Which is better tubular or flat plate battery?
Tubular plates are robust and hence have a life of about 10 to 15 years in float operation. They are also suitable for cyclic duty and offer the highest cycle life. The active material is contained in the annular space between the spine and the oxide-holder. This restricts the stress due to the volume changes occurring when the cells are cycled.
The end of life is again due to the corrosion of the spines and loss of contact between the spines and the active material. However, the contact area between the spine and the active mass is reduced in such a construction and hence under heavy current drains, the higher current density results in local heating leading to rupture of tubes and crack in the corrosion layer.
Planté plate cells have the longest lifetime, but the capacity is poor compared with other types. But these cells offer the highest reliability and longest float lives. Their cost is also higher, but if it is estimated over the lifetime it is actually lower in comparison with other stationary type cells. The reason for longer life is that the positive plate surface is continuously regenerated with virtually no loss in capacity over its lifetime.
Conical plate cells are specially designed by Lucent Technologies (formerly AT&T Bell Laboratories) for a very long life of more than 30 years. Recent 23-year corrosion data projects a life of 68 to 69 years for such batteries.
The jelly roll design lends itself to mass production due to excellent mechanical and electrical characteristics. Jelly-roll construction (spirally-wound electrodes) in a cylindrical container can maintain higher internal pressures without deformation and can be designed to have a higher release pressure
than the prismatic cells. This is due to an outer metal container used to prevent deformation of the plastic cases at higher temperatures and internal cell pressures. The range of venting pressures may be as high as 170 kPa to 275 kPa (25 to 40 psi » 1.7 to 2.75 bar) for a metal-sheathed, spirally wound cell to of 7 kPa to 14 kPa (1 to 2 psi » 0.07 to 0.14 bar ) for a large prismatic battery.
Bipolar plate batteries
In the design of a bipolar plate, there is a central electronically conducting material (either a metal sheet or a conducting polymer sheet) on one side of which is positive active material and the other, a negative active material. Here separate inter-cell connection is eliminated, thereby reducing the internal resistance. It is to be noted that the extreme plates in a bipolar end cells are always of the mono-polar type, either positive or negative.
These batteries have
- Higher specific energy and higher energy density (i.e., 40% less volume or 60% the size of a regular lead-acid battery, 30% less weight or 70% the mass of regular lead-acid batteries.
- Double the cycle life
- Half as much lead is needed and other materials are also reduced.
3. Why tubular battery?
Tubular plate batteries are used mainly where there is a requirement of a long life with higher capacity. They are mainly used in standby applications in telephone exchanges and large factories for material handling trucks, tractors, mining vehicles, and, to some extent, golf carts.

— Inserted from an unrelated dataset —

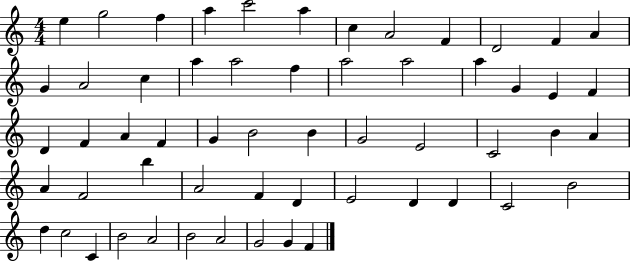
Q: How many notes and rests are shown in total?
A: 57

Nowadays, these batteries are ubiquitously found in every household for inverter-UPS applications.
Extra tall type plates (as tall as 1 metre and more) are employed in submarine batteries to provide power when the submarine is submerged. It provides silent power. The capacities vary from 5,000 to 22,000 Ah. The submarine cells have air-pumps inserted into them to nullify the acid stratification of electrolyte for 1 to 1.4 m tall cells.
Gelled electrolyte tubular plate valve-regulated lead-acid batteries are extensively used in non-renewable energy systems like solar applications.
Thin tubular plate EV batteries for vans and buses find applications in EV field and are able to deliver 800 to 1500 cycles depending on the spine thickness and specific energy.
The following table illustrates the relationship among the spine thickness, plate pitch, electrolyte density, specific energy and number of life cycles.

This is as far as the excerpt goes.